BOMs are a heuristic, nothing more. If you're reading arbitrary files could start with anything, then of course they can guess wrong. But then if I dumped a bunch of arbitrary Unicode codepoints in your lap and asked you to guess the language, you would likely get it wrong too :-)
Do you say "UTF-32 is rare so we'll assume UTF-16", or do you say "files starting U+0000 are rare, so we'll assume UTF-32"?
The way I have done auto-detection based on BOMs is you start by reading four bytes from the file in binary mode. (If there are fewer than four bytes, it cannot be a text file with a BOM.) Compare those first four bytes against the UTF-32 BOMs first, and the UTF-16 BOMs *second* (otherwise UTF-16 will shadow UFT-32). Note that there are two BOMs (big-endian and little-endian). Then check for UTF-8, and if you're really keen, UTF-7 and UTF-1.
def bom2enc(bom, default=None): """Return encoding name from a four-byte BOM.""" if bom.startswith((b'\x00\x00\xFE\xFF', b'\xFF\xFE\x00\x00')): return 'utf_32' elif bom.startswith((b'\xFE\xFF', b'\xFF\xFE')): return 'utf_16' elif bom.startswith(b'\xEF\xBB\xBF'): return 'utf_8_sig' elif bom.startswith(b'\x2B\x2F\x76'): if len(bom) == 4 and bom in b'\x2B\x2F\x38\x39': return 'utf_7' elif bom.startswith(b'\xF7\x64\x4C'): return 'utf_1' elif default is None: raise ValueError('no recognisable BOM signature') else: return default
The BOM exists solely for data-based detection, and the UTF-8 BOM is different from the UTF-16 and UTF-32 ones. So we either find an exact BOM (which IIRC decodes as a no-op spacing character, though I have a feeling some version of Unicode redefined it exclusively for being the marker) or we use utf-8.

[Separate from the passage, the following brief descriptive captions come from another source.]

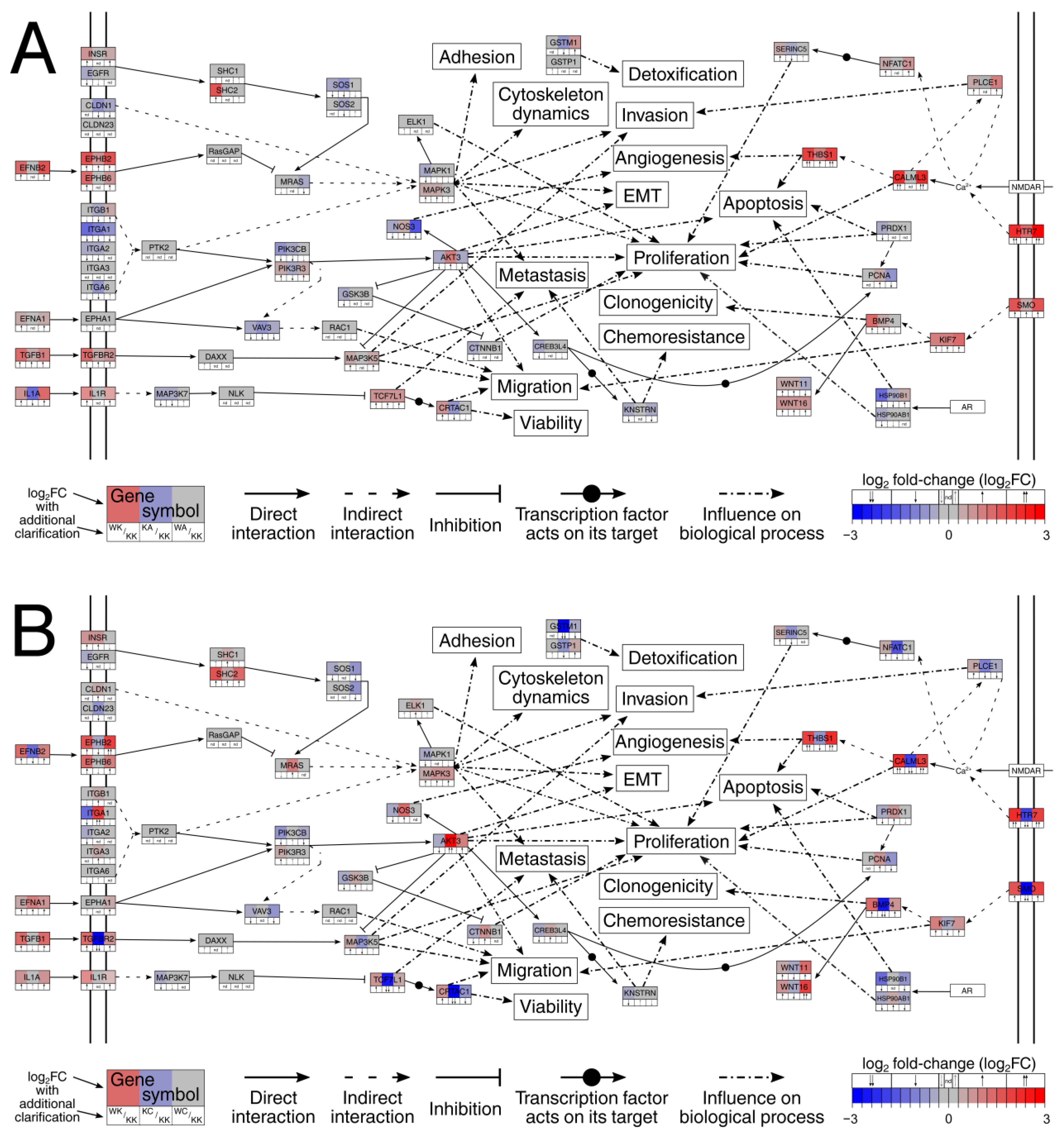 Cells 11 01382 g005 Cells 11 01382 g005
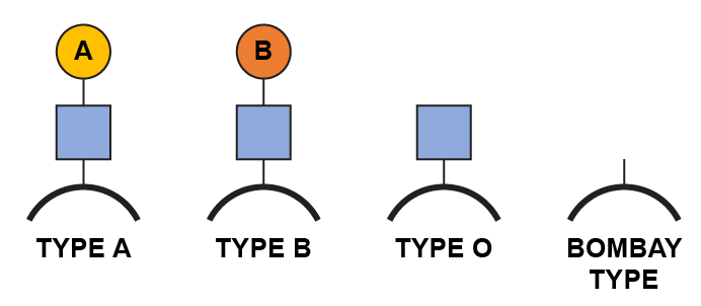 Comparing proteins on the red blood cell between common blood types and the Bombay type.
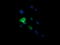 Chaperonin Containing TCP1 Subunit 8 Like 2 antibody, LS-C337861, Lifespan Biosciences, Immunofluorescence image 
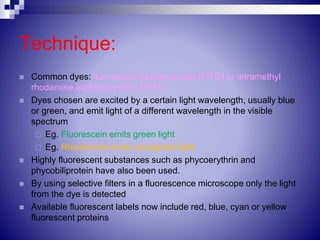 Technique:
 Common dyes: fluorescein isothiocyanate (FITC) or tetramethyl
rhodamine isothiocyanate (TRITC)
 Dyes chosen are excited by a certain light wavelength, usually blue
or green, and emit light of a different wavelength in the visible
spectrum
 Eg. Fluorescein emits green light
 Eg. Rhodamine emits orange/red light
 Highly fluorescent substances such as phycoerythrin and
phycobiliprotein have also been used.
 By using selective filters in a fluorescence microscope only the light
from the dye is detected
 Available fluorescent labels now include red, blue, cyan or yellow
fluorescent proteins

The Byte Order Mark is always U+FEFF encoded into whatever bytes your encoding uses. You should never use U+FEFF except as a BOM, but of course arbitrary Unicode strings might include it in the middle of the string Just Because. In that case, it may be interpreted as a legacy "ZERO WIDTH NON-BREAKING SPACE" character. But new content should never do that: you should use U+2060 "WORD JOINER" instead, and treat a U+FEFF inside the body of your file or string as an unsupported character.
But the main reason for detecting the BOM is that currently opening files with 'utf-8' does not skip the BOM if it exists. I'd be quite happy with changing the default encoding to:
- utf-8-sig when reading (so the UTF-8 BOM is skipped if it exists)
- utf-8 when writing (so the BOM is *not* written)
Sounds reasonable to me.
Rather than hard-coding that behaviour, can we have a new encoding that does that? "utf-8-readsig" perhaps.
This provides the best compatibility when reading/writing files without making any guesses. We could reasonably extend this to read utf-16 and utf-32 if they have a BOM, but that's an extension and not necessary for the main change.
The use of a BOM is always a guess :-) Maybe I just happen to have a Latin1 file that starts with "ï»¿", or a Mac Roman file that starts with "Ôªø". Either case will be wrongly detected as UTF-8. That's the risk you take when using a heuristic.
And if you don't want to use that heuristic, then you must specify the actual encoding in use.